→ **The problem**:
Print exactly the line that contains "Now I will walk" along with every line beneath it to the end of the records below, and omit pictures.

★ ★ ★ ★

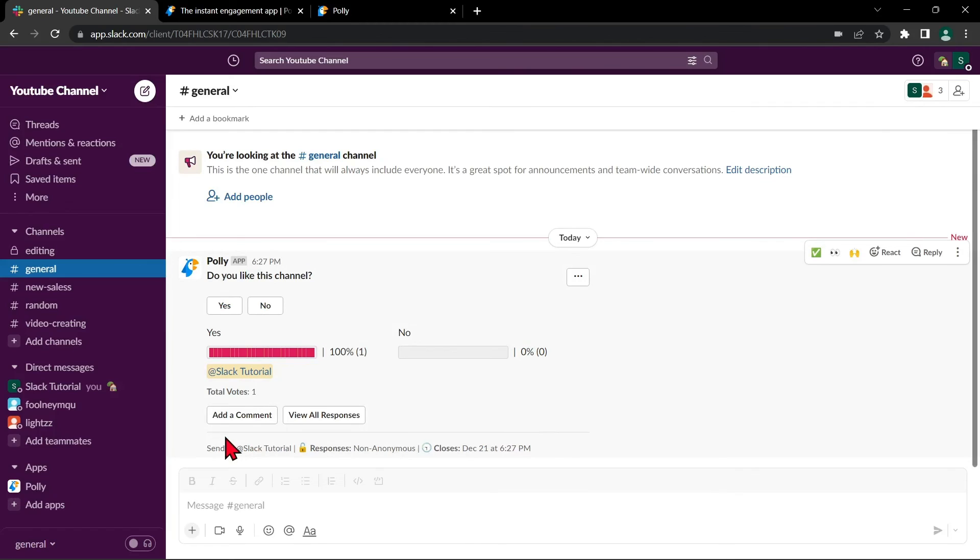So that's it for our video. If you wanted to know how to create a poll on Slack, that is the easiest way I know how. I hope you find this video helpful and if you do, kindly give us a like and subscribe to our channel. Thank you very much and see you on the next video. Bye bye.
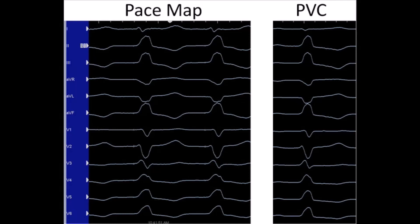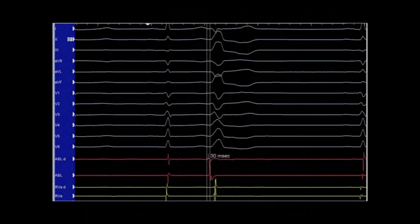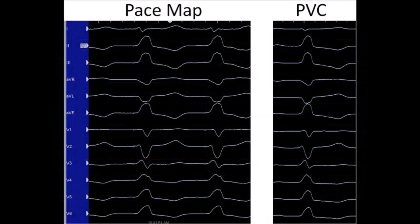Ablation is successful when performed at the earliest ventricular activation location, which is usually greater than 30 milliseconds prior to QRS onset. A QS morphology on the unipolar electrogram should be seen at this location. A 12 out of 12 pace map should also be seen.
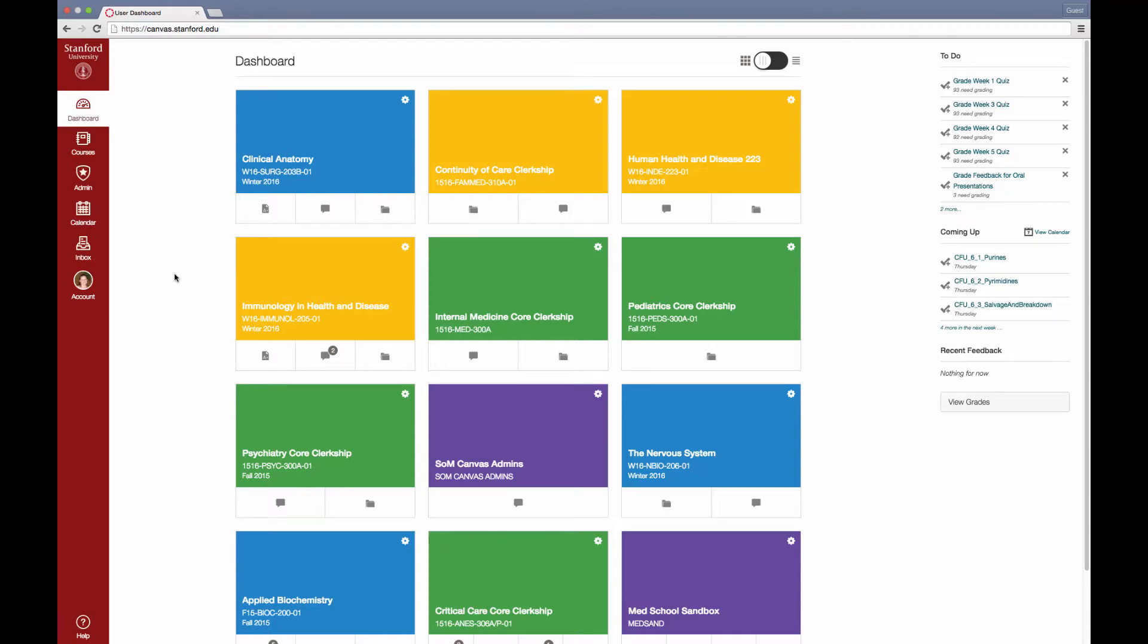In this video I'm going to show you how you can configure your course dashboard to show you the courses that you're working on right now.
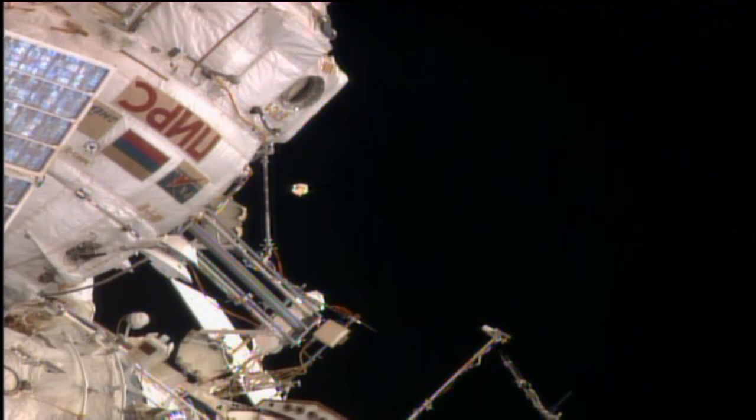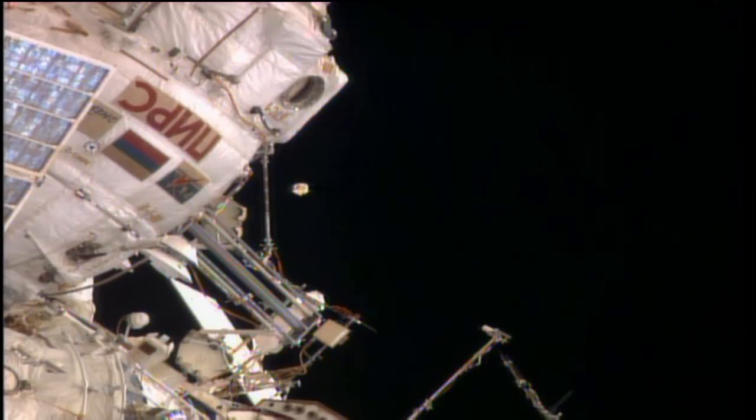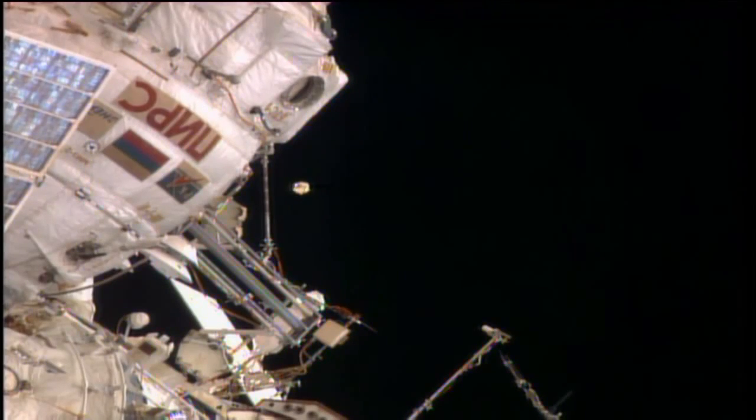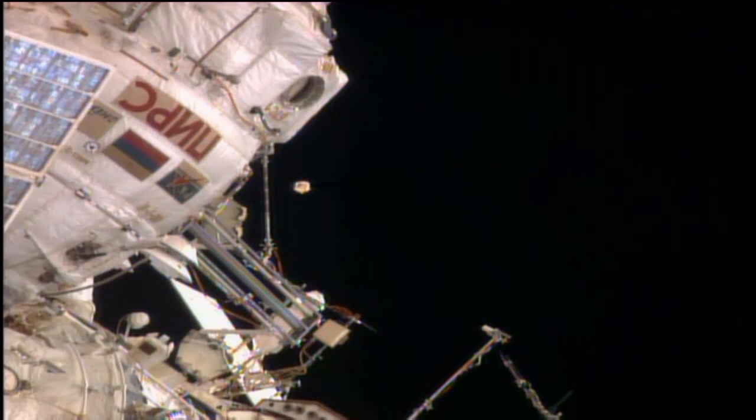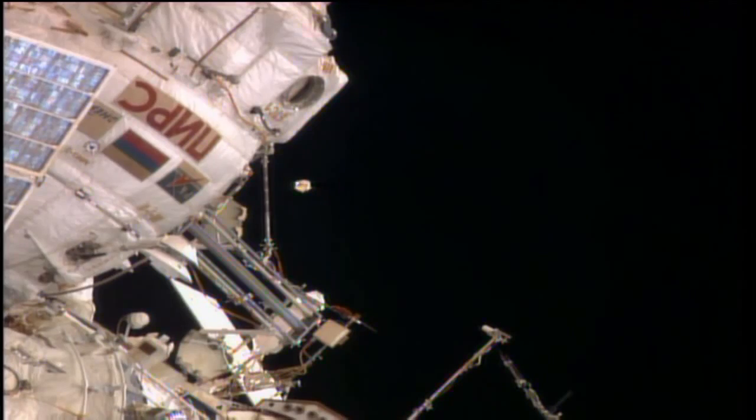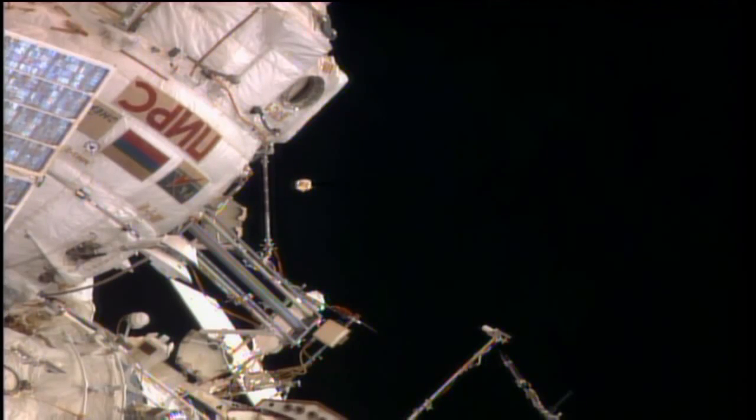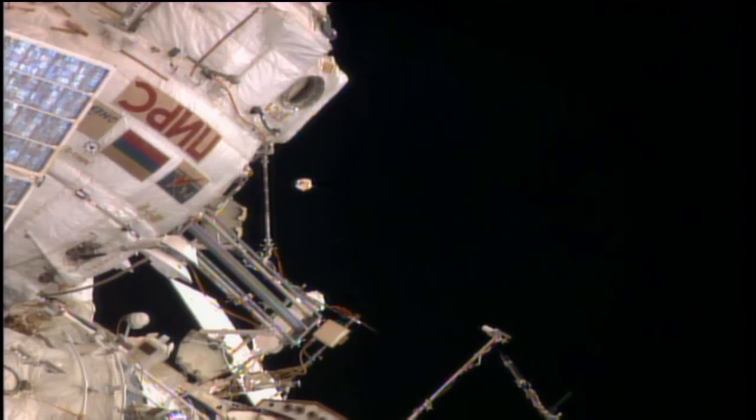Earlier this morning, Chris Cassidy noted an object floating past the station near the Progress 52 cargo ship. That object has been identified by Russian flight controllers as an antenna cover from the Zvezda service module.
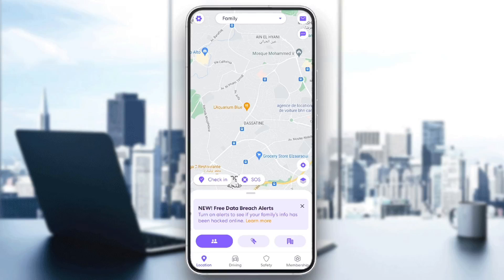Hello everyone, and welcome back to a new video. In this video, I'm going to show you guys how you can delete your Live360 history. So if you guys want to learn how to do it, just follow the steps that I'm going to show you.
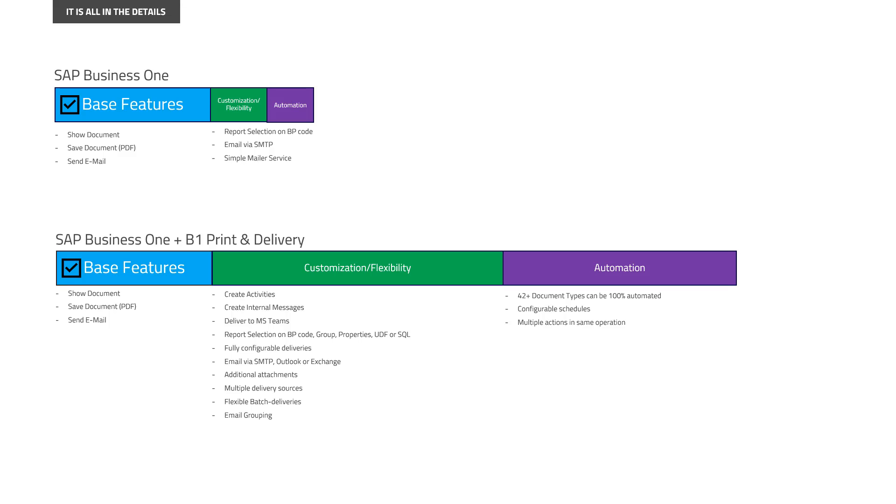That is, for example, being able to follow up activities, creating internal messages to managers, sending out notifications on Microsoft Teams. And much more advanced report selection and email settings where you can set up additional personal attachments, email grouping, dynamic recipients and much more advanced deliverables.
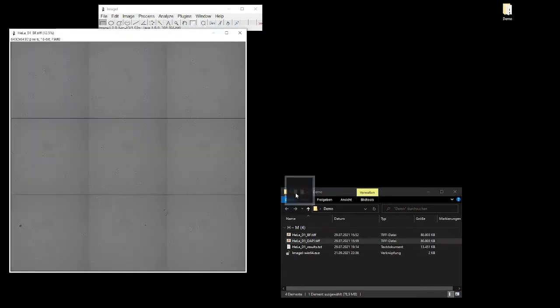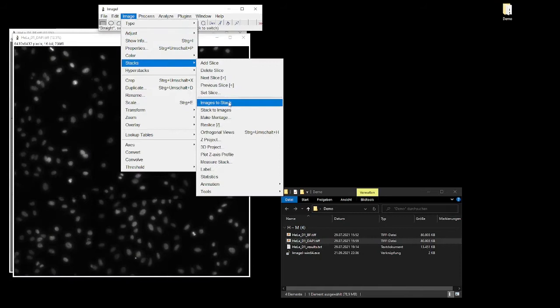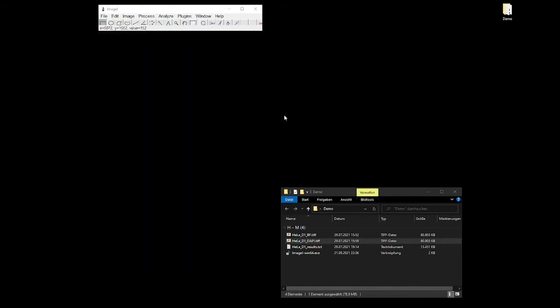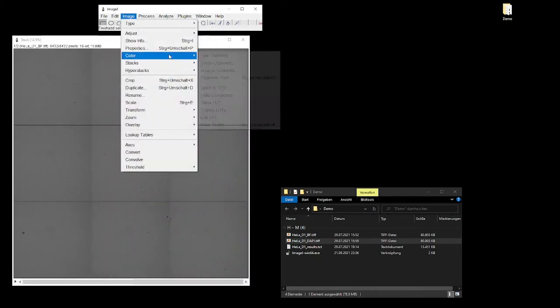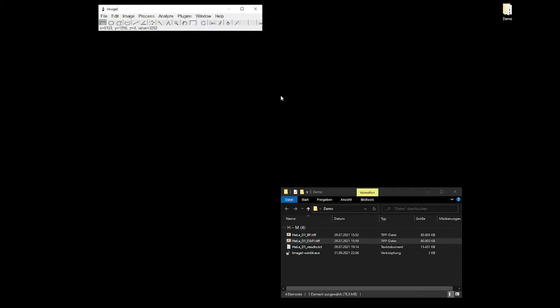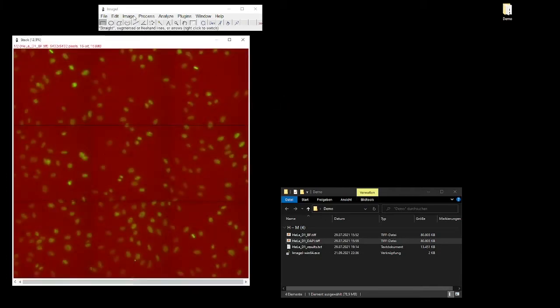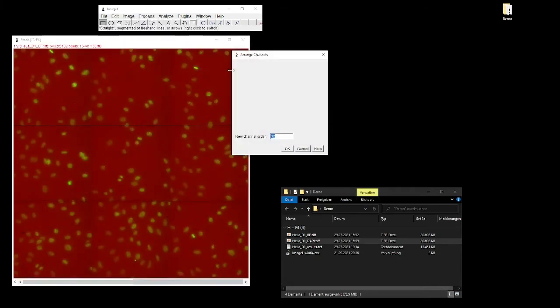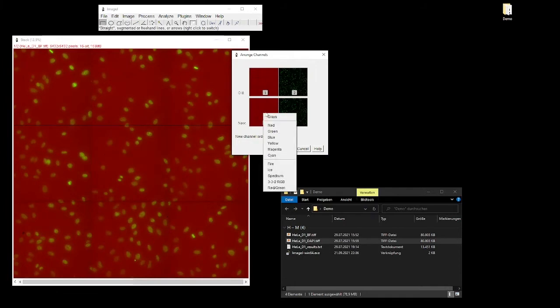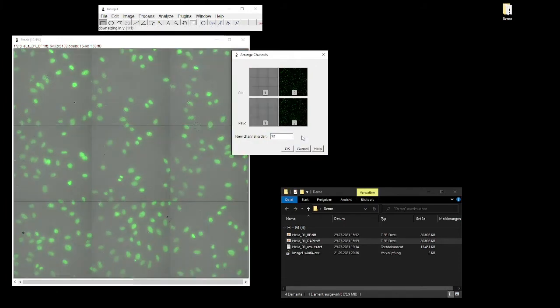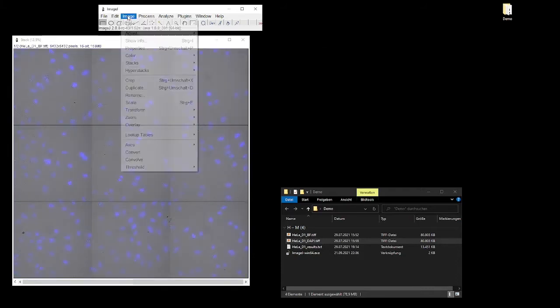Now I will walk you through the ImageJ plugin to get an idea how this is technically done. First we will open ImageJ and then we will load the brightfield image and the DAPI image. These two images can be converted into two stacks. One channel will be converted into grayscale and the DAPI channel will be converted into blue.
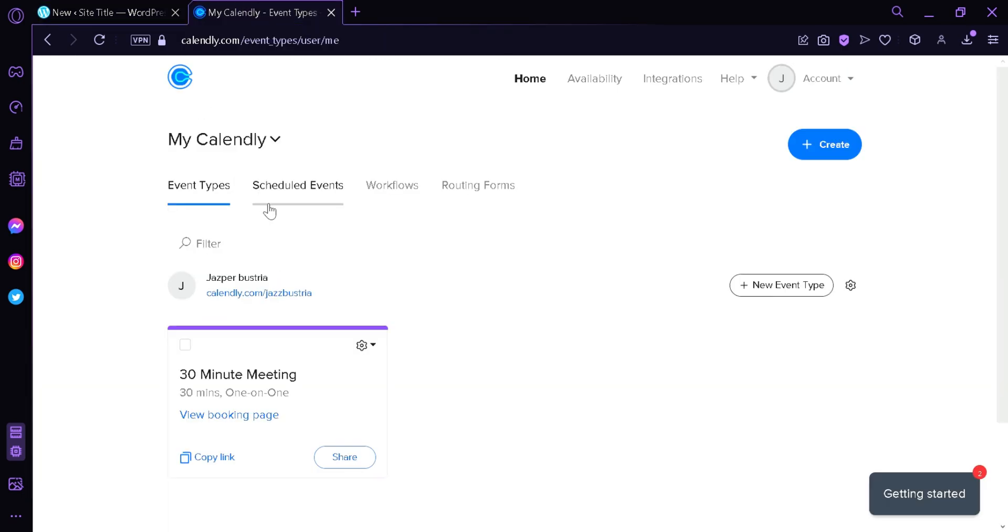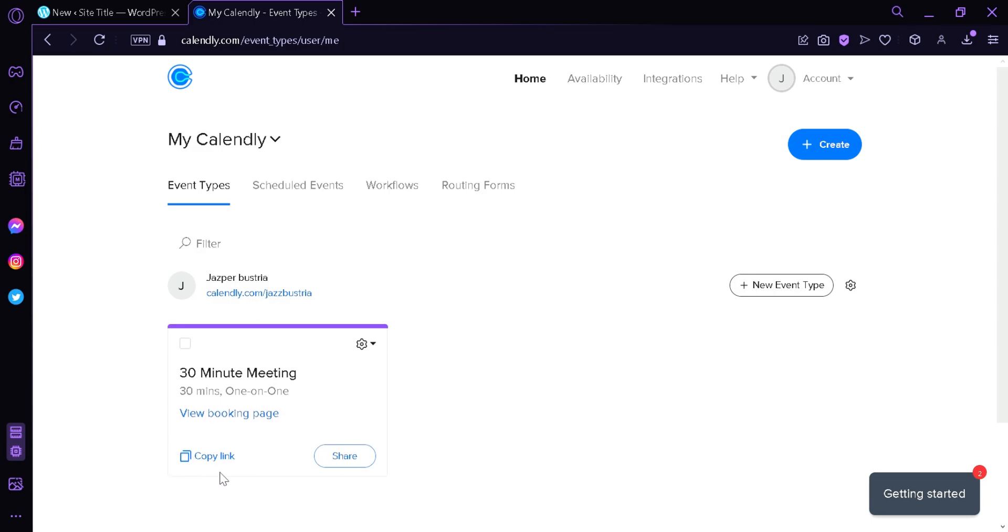Now what you're going to do first is create your account in Calendly and then add the event type that you want. For example, we have this 30-minute meeting that we are going to use.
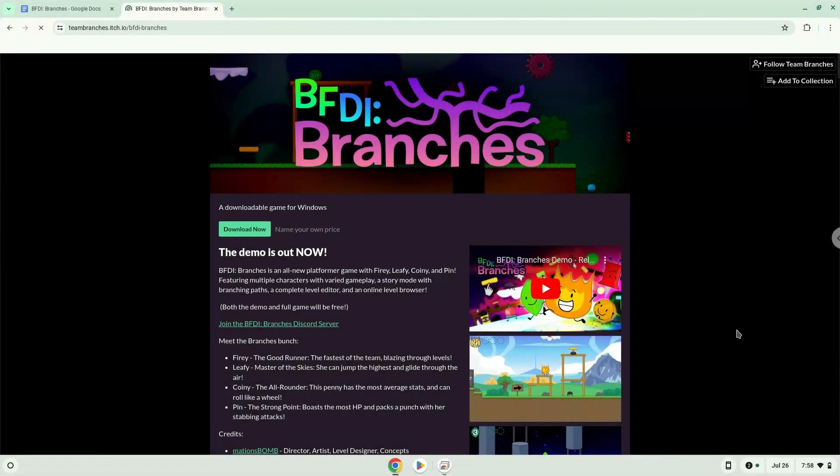Hello. Today we are looking at how to install BFDI branches on a Chromebook. Firstly, we will turn on Linux apps.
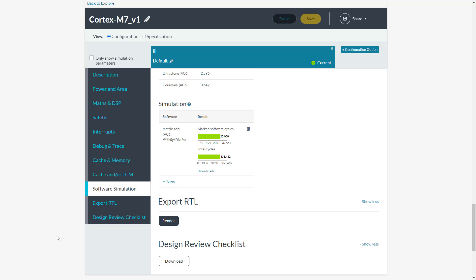You can see total cycles, as well as those for any code you have marked. This can be used to remove initialization or other setup code that you may have in the application that is not part of the benchmark.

★ ★ ★ ★

→ **Exercise answer**:
Now I will walk you through the ImageJ plugin to get an idea how this is technically done. First we will open ImageJ and then we will load the brightfield image and the DAPI image. These two images can be converted into two stacks. One channel will be converted into grayscale and the DAPI channel will be converted into blue.
Now what you're going to do first is create your account in Calendly and then add the event type that you want. For example, we have this 30-minute meeting that we are going to use.
Hello. Today we are looking at how to install BFDI branches on a Chromebook. Firstly, we will turn on Linux apps.
You can see total cycles, as well as those for any code you have marked. This can be used to remove initialization or other setup code that you may have in the application that is not part of the benchmark.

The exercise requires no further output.